Dan Dagan, general counsel at Siemens Energy Canada, says external firms need industry knowledge

Navigating the energy transition requires many stakeholders to understand legal developments
Dan Dagan, general counsel at Siemens Energy Canada, says external firms need industry knowledge

Collaboration isn’t just an ideal at Siemens Energy Canada. It’s a reality. Speaking to Lexpert, Dan Dagan, general counsel for the energy tech company, says there is a lot of teamwork there – with people always ready to work together and chip in.

“We really have a company with a lot of passion right across the board. It’s a culture of how can I help? How can I make this happen? What do you need me to do?"

And when it comes to making sense of impending legal developments, this camaraderie is vital. Dagan differentiates between the day-to-day changes and the industry-specific developments and says he values practical applications rather than just theoretical advice.

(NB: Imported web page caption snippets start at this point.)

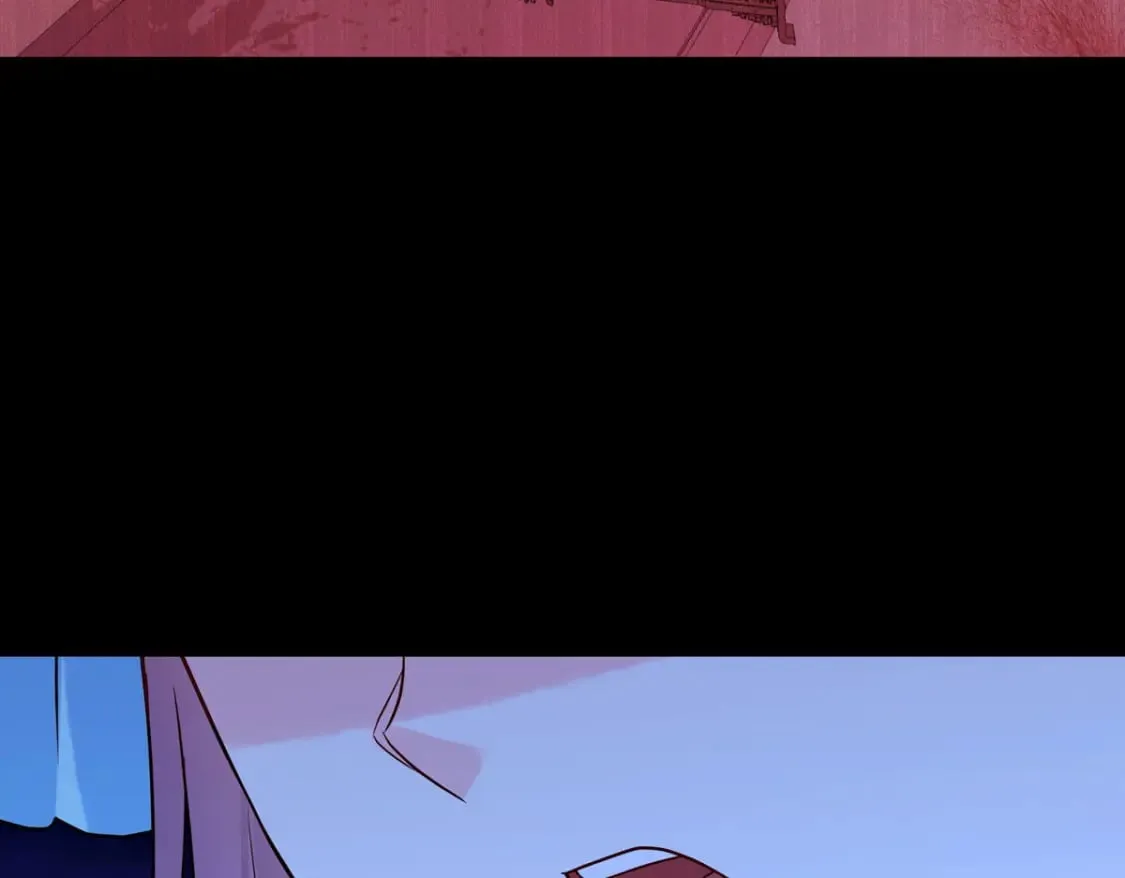第106话 第23页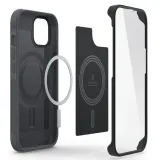 caseology-stratum-iphone-13-ash-grey-waga-z-opakowaniem-0-4-kg-stan-nowy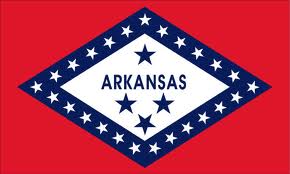 Arkansas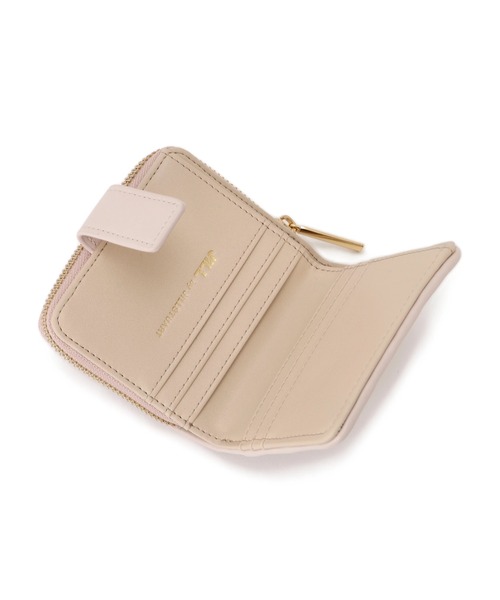 私たち恋しませんか?～once upon a love～ 台湾オリジナル放送版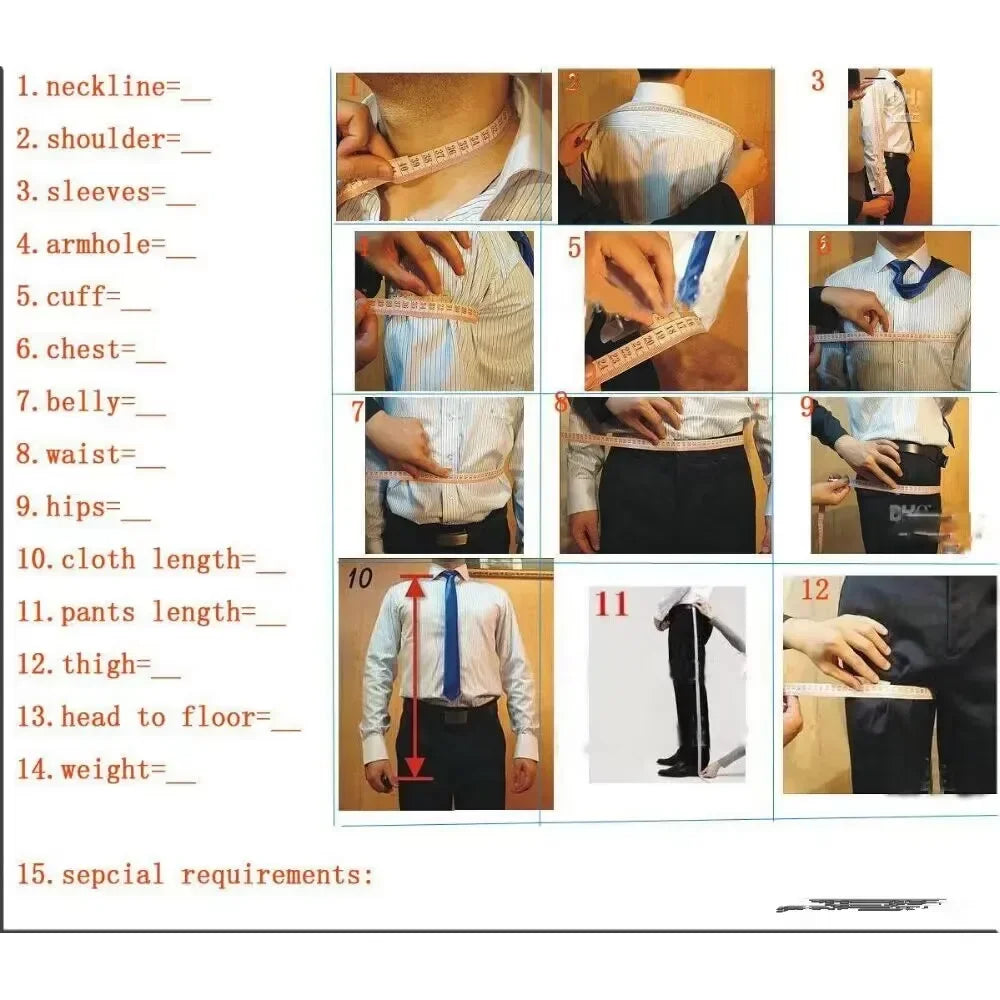 Casual Men's Suit 2 Piecs Short Jacket Pants Peak Lapel Loose Style Work Commute Social Party Fale Suits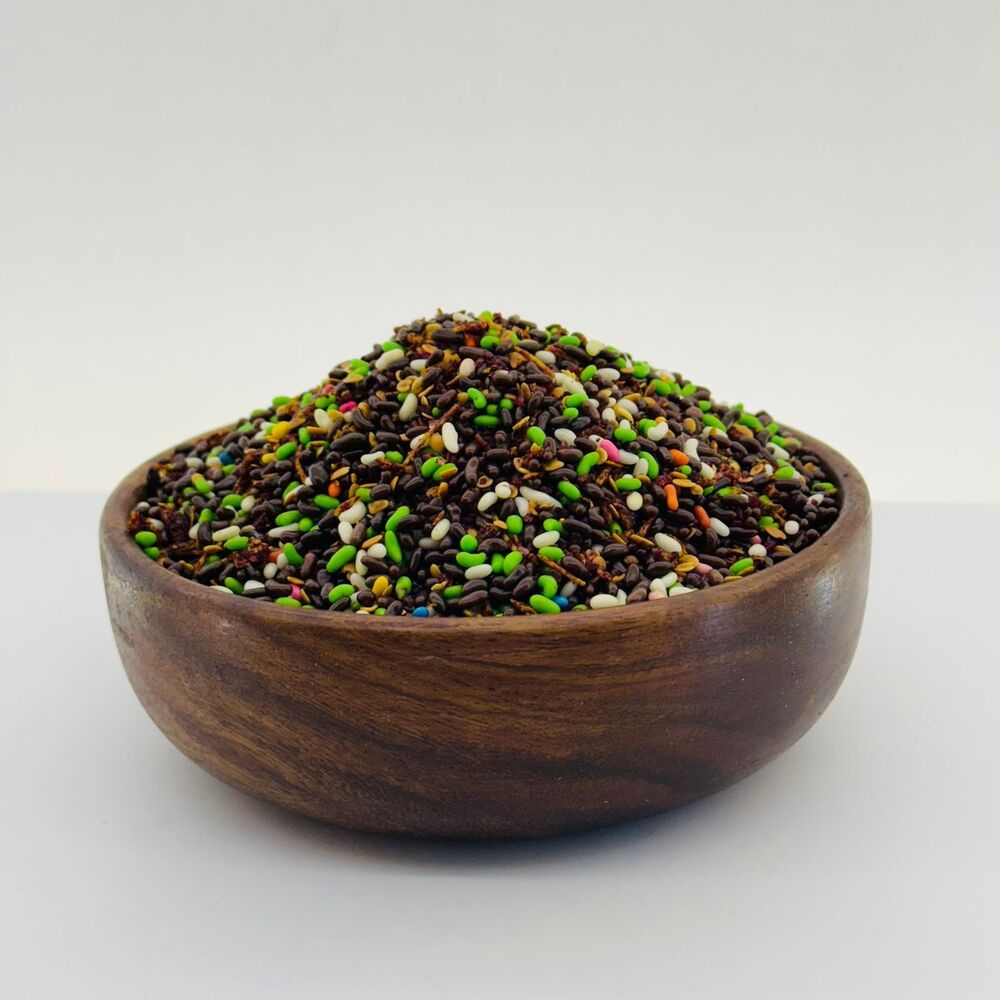 Choco Bite Mukhwas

"When you look at a new legal development, you have to take a practical approach. You have to ask how can this be implemented and how will this play out. When I seek advice from a law firm, what I value most is an understanding of the broader industry and how government or judge will interpret a new decision or new legislation.”

He gives the example of the energy transition as an industry-specific development, where the company collaborates with various stakeholders to navigate these changes effectively.

“We are always watching new legislation and programs to assist the energy transition, which is obviously a key for us,” says Dagan. “This is something we do closely with our government affairs lead. New programs can have great benefits promoting investments in new and greener technologies, but some can also have negative effects, and it’s important that our stakeholders understand these.”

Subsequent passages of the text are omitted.